Both claim that they are a result of the American dream, but Romney is the prototype of such a dream rather than Obama. What impresses me is that Romney, with his Mormon background, is as ready as Obama to take on the leadership of the great nation of the USA. What I mean is that he in fact is coming from a near sectarian background and yet his vision is now to serve all. It says something about the American dream. It is so typical. His life is fostered in a closely knit religious community, ridiculed by outsiders, not having a clue of the inner dynamics of such a community of traditional family values, and through this experience he is coming out so much the stronger, fully prepared to take on the whole nation. Obama represents the other side of the American dream, not less important: it is possible to make it even if you come from a fragmented, perhaps broken family background and it may be that one or two people in your life have had the decisive influence that carries you to the top.
Last night I got a sense that the first version of the American dream again is going to be the winning side. In many ways the Republicans have made the original dream, fostered by the first settlers, their own. Paying respect to the incredible inner strength of various religious communities like that of the Mormons, and in many ways also their values, one must still say that the original American dream per se also is built on two horrendous things: a genocide of sorts and racism fostered through slavery. We do not need to dwell here on the residual but restive elements of racism; but there is all reason to at least say something about this great nation that is built on the ruins of the indigenous peoples, the Indians. It is their land that is taken by all the various kinds of immigrants on which a new history is built.
No wonder that such a state of affairs seldom is mentioned in a political discussion as all are, except for what is now a remnant of the Indian communities, complicit.
What makes me fear the future (and the debate is little different from for example the political debate in Sweden) is that it is all about creating jobs, improving the economy and ensure economic growth – at, as it seems, all costs.
One can sense some kind of responsibility in Obama when he talks about the need for renewable energies, but he stops short from mentioning the big issue of a need for ecological sustainability. Romney, on the other hand, made reference, repeatedly, to what he called the need for “renewed entrepreneurship”, for small enterprises etc., as a means of creating more jobs.

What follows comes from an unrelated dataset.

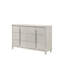 Commode finition perle blanche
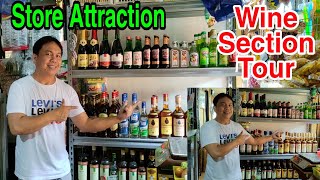 Wine Section Tour, Attraction Sa Aming Store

Maybe he here struck the core of the matter. The USA is built on the notion of private entrepreneurship, small or big, and there is no end to what you might achieve. This is what scares me. None of the candidates had the guts to say that there is a limit to this world. Both last night gave licence to go ahead, in order to create jobs and in order to please the electorate for another four years, to exploit, to extend, to expand, at any cost.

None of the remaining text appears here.